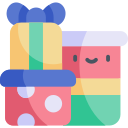 caja de regalo icon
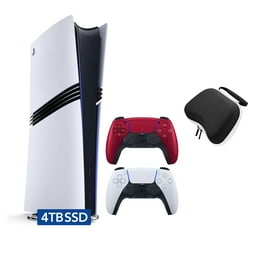 PlayStation 5 Pro 2TB SSD Digital Console with Two Controllers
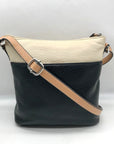 Giani Bernini Color Block Pebbled Crossbody Bag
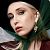 Серьги - лепестки позолоченные с натуральными камнями ANNA SKOROKHODOVA ACCESSORIZE / АННА СКОРОХОДОВА. АКСЕССУАРЫ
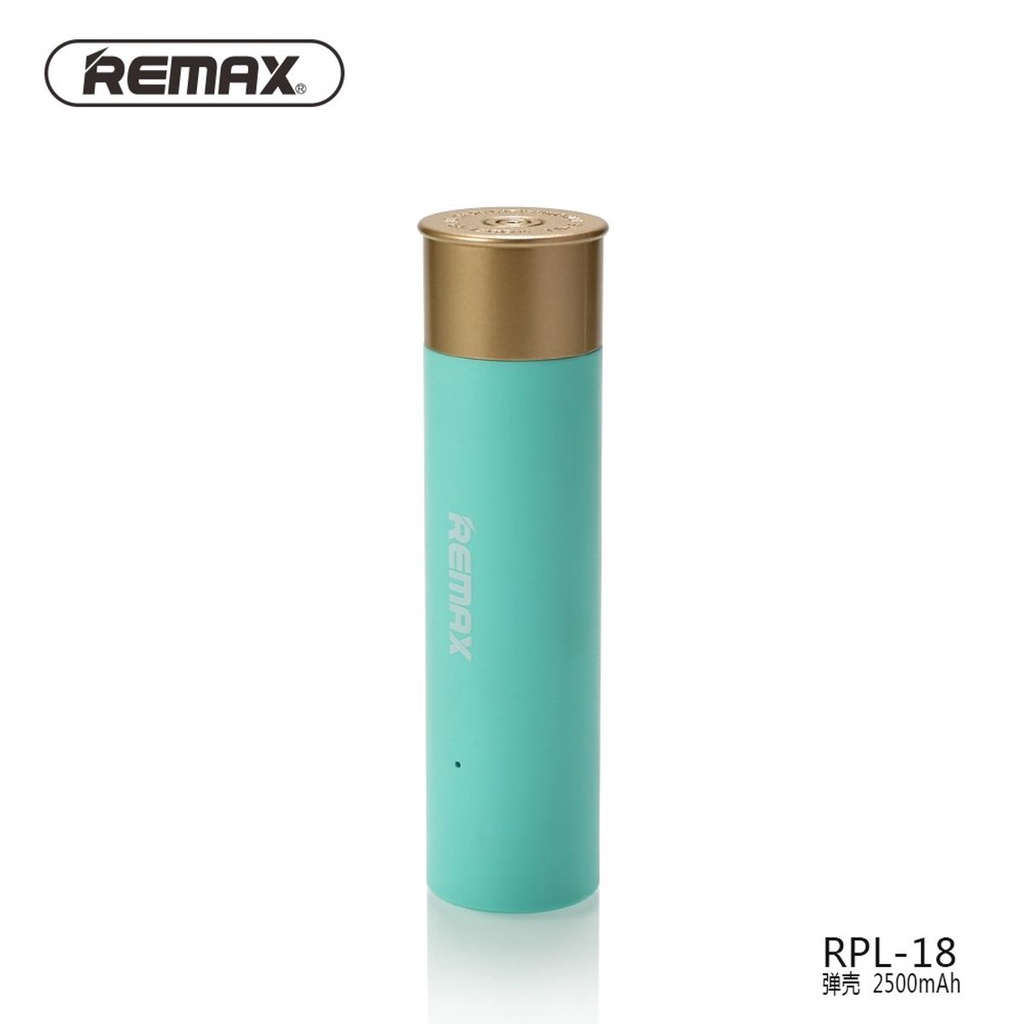 SẠC DỰ PHÒNG REMAX 2500mAH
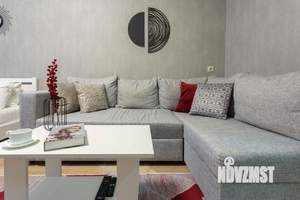 1-к квартира, посуточно, 40м2, 1/1 этаж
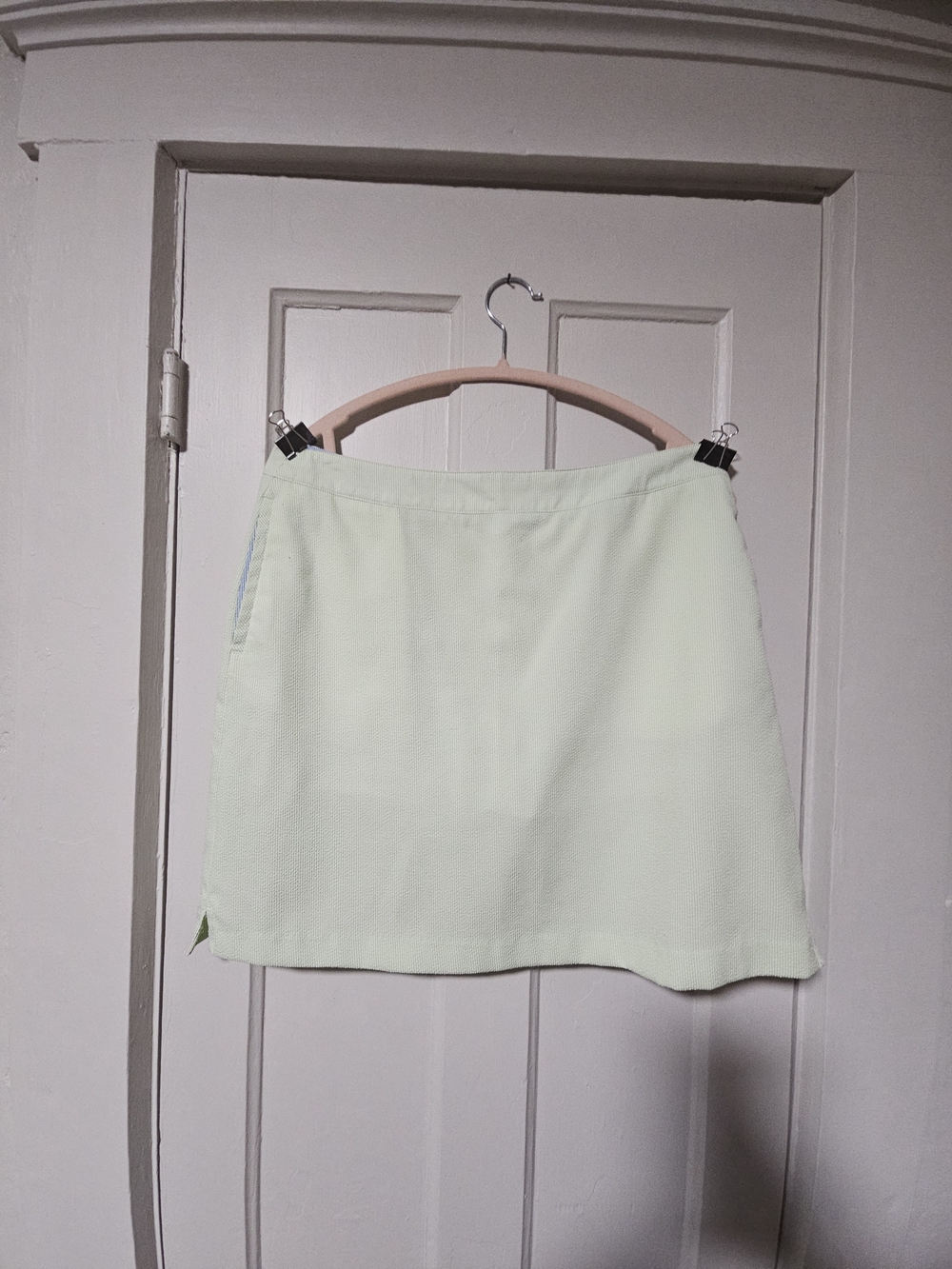 Greg Norman Collection Mint Mini Skirt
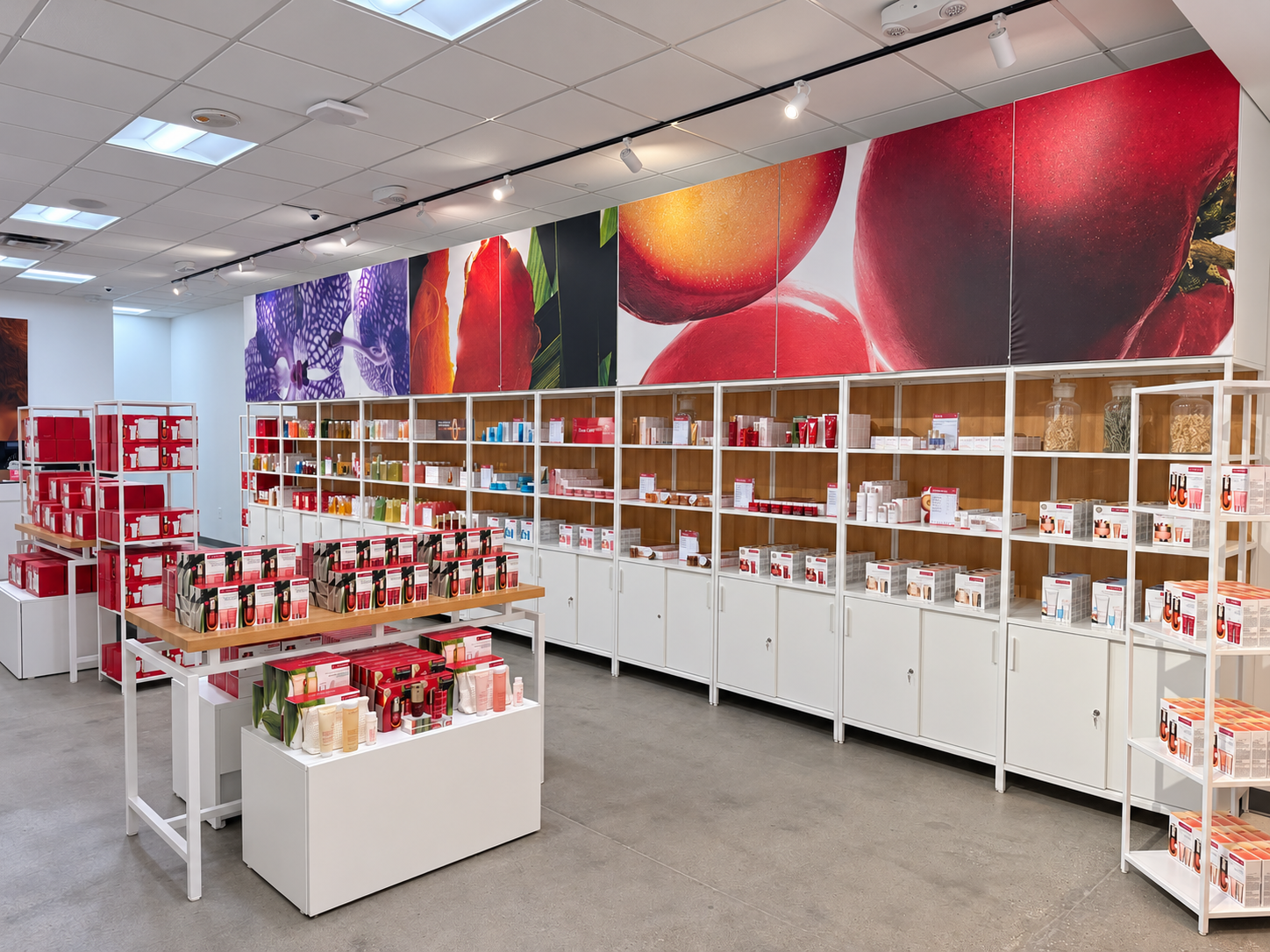 Clarins Houston botanical retail wall-3.png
##############################
Starting with the line that contains "1-к квартира, посуточно, 40м2, 1/1 этаж", repeat each line exactly until the listing ends, including the last one. Leave pictures out.

 1-к квартира, посуточно, 40м2, 1/1 этаж
 Greg Norman Collection Mint Mini Skirt
 Clarins Houston botanical retail wall-3.png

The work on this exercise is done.